On May 3, 1946, the indictments were read at the International Military Tribunal for the Far East. Among the defendants was a gangly, bespectacled, 59-year-old civilian named Shumei Okawa, who happened to be seated directly behind the former prime minister, army Gen. Hideki Tojo.
As the clerk read the indictments, Okawa began squirming in his seat and chirping gibberish.
In his book “A Curious Madness,” author Eric Jaffe describes what happened next: “… as the clerk reached count 22 of the indictment, Okawa rose halfway in his seat. Wearing what some reporters later called a ‘cunning grin,’ he extended his long arm forward with an open palm and slapped the top of Tojo Hideki’s bald head. The startled general … turned back to see [U.S. Army Col. Aubrey] Kenworthy restraining Okawa by his gangly shoulder.”
After Okawa slapped Tojo’s head a second time, the court decided the defendant needed a psychiatric assessment to determine his competence to stand trial, and Dr. Daniel Jaffe, a U.S. Army major assigned to the 97th Infantry Division, was summoned. Based on a neurological examination and a Wasserman-Kahn blood test, Jaffe diagnosed Okawa as having advanced syphilis (paresis).
In August, under heavy sedation, Okawa was committed to Matsuzawa Hospital for the Insane in what is now Tokyo’s Setagaya Ward. Although suspicions were raised that he might be malingering, he evaded prosecution. Through a treatment called “malaria therapy,” he recuperated and lived quietly for another decade, during which time he completed the first translation of the Quran into Japanese.
While Dr. Jaffe only spent a few hours examining Okawa, his grandson has done a masterful job of researching the war criminal suspect. Over 250 fascinating pages, “A Curious Madness” performs a valuable service for history buffs by figuratively exhuming Okawa from obscurity. In so doing, the book re-assembles the life and times of a brilliant scholar and prolific writer, who devoted most of his adult life to shaking up his part of the world, and leaving a good part of it in shambles.
As one of the ringleaders crusading for a “Showa Restoration,” Okawa was involved in plotting and instigating the May 15, 1932, uprising that culminated in the assassination of Prime Minister Tsuyoshi Inukai. (British actor Charlie Chaplin, who was visiting Japan at the time, was also targeted by the assassins.)
As the lone Japanese civilian defendant at the Tokyo tribunal, Okawa was viewed as “the brain trust of Japanese militarism,” and described by a prosecuting attorney as “the sparkplug that kept the whole conspiracy alive and going over the whole period covered in the indictment.”
An excerpt from the prosecution’s 22-page dossier on him read, “Long before Tojo and his gang of international outlaws appeared on the scene, Dr. Okawa was busy night and day with his bloody coups and his evil determination for Japan to fulfill its Messianic Mission against an unwilling world.”
“If Okawa had remained on trial,” Jaffe speculates, “he would have been convicted with the others, and very well might have been hanged.”
While Okawa’s brand of ultranationalism never advocated genocide based on race as the Nazis did in Europe, he did make race a central tenet of his ideology; the Pan-Asianism he unflaggingly espoused was used as one justification for Japan’s military expansionism and harnessed as a rationale for oppressing people in the countries Japan occupied.
The international tribunal would probably not have had to consider indicting Okawa at all, if he had not got off so lightly for his involvement in the 1932 coup attempt. Flooded with appeals for clemency, the judges at the time first sentenced him to 15 years imprisonment, which was reduced to seven years on appeal.
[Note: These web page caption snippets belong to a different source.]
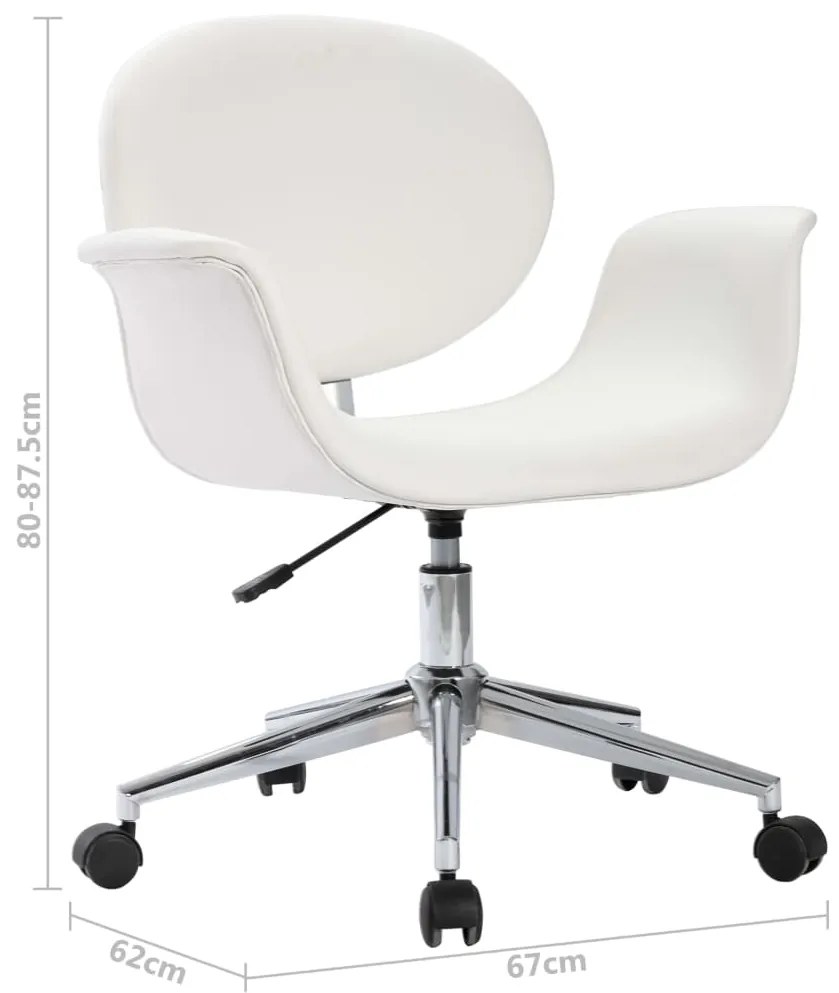 Cadeiras de jantar giratórias 2 pcs couro artificial branco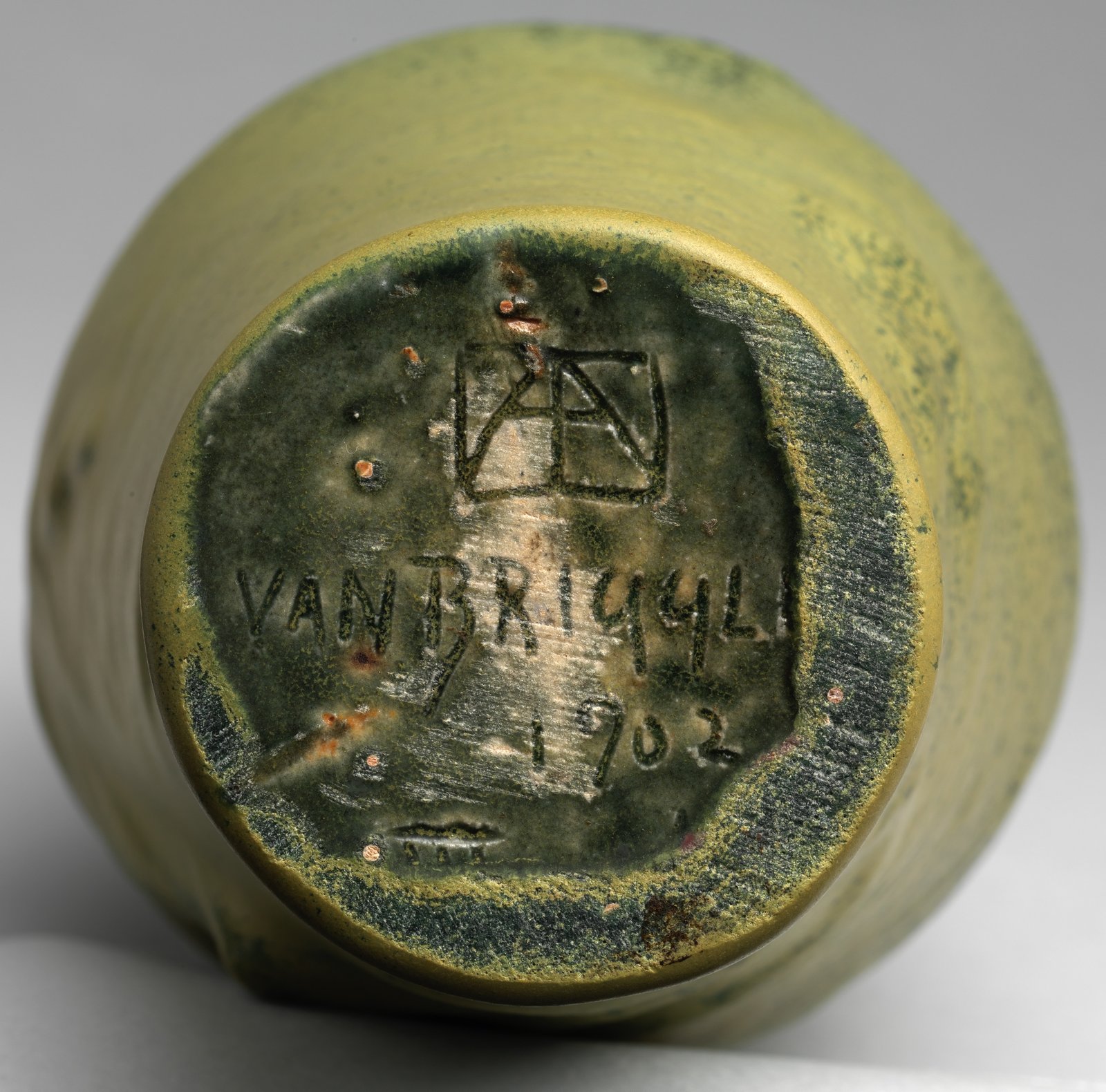 Van Briggle Lorelei vase, back view showing bottom marks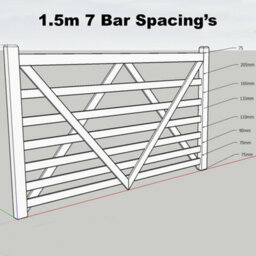 Ruby UK Ruby Iroko 5 Bar Entrance Gate Durable Wooden Gate For Driveways & Gardens 3.6M Wide X 0.9M High (4 Rails) - thumbnail 2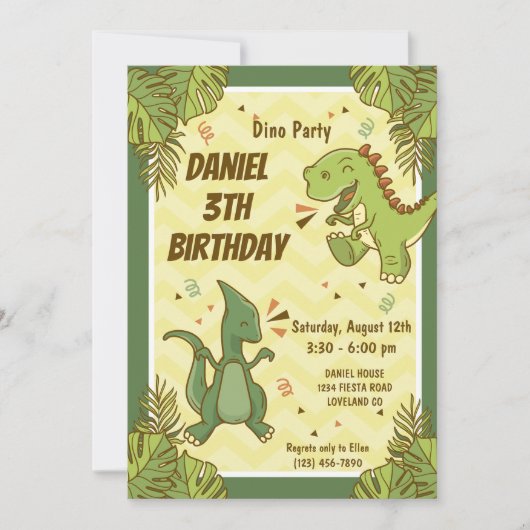 Drie Rex Kinder Dinosaurus 3e Verjaardagsfeest Kaart (Voorkant)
Influential friends then pulled strings and he was released after only 16 months. As a testimony to his influence and popularity with Japan’s movers and shakers, just nine months after his release from prison he opened a boarding school, the Okawa Juku, to indoctrinate students with his political philosophy. Incredibly, his academy received generous funding and a stipend from the War and Foreign Affairs ministries. Three months before the war’s end, a U.S. air raid reduced the campus to rubble and, by the following spring, Okawa found himself in Sugamo prison, facing indictment as a war criminal — and then came the famous slap.
After successful treatment for his syphilis, Okawa was discharged from the hospital and all but faded into obscurity. Disinclined to reflect on the sufferings and loss of life to which he contributed, however, he obstinately adhered to his discredited philosophy, as do some of his compatriots even today.
Jaffe alternates biographical details of Okawa with the story of his physician grandfather, while including some fascinating nuggets about how U.S. Army physicians developed ways to treat “shell shock” (now referred to as post traumatic stress disorder) and other psychological disorders. For readers who believe the 20th century has been squeezed dry of its secrets, this book is a revelation.
Okawa’s slap and Tojo’s reaction were captured on film and can be viewed at www.britishpathe.com/video/tojo-on-trial/ (the slapping incident can be seen about 30 seconds in).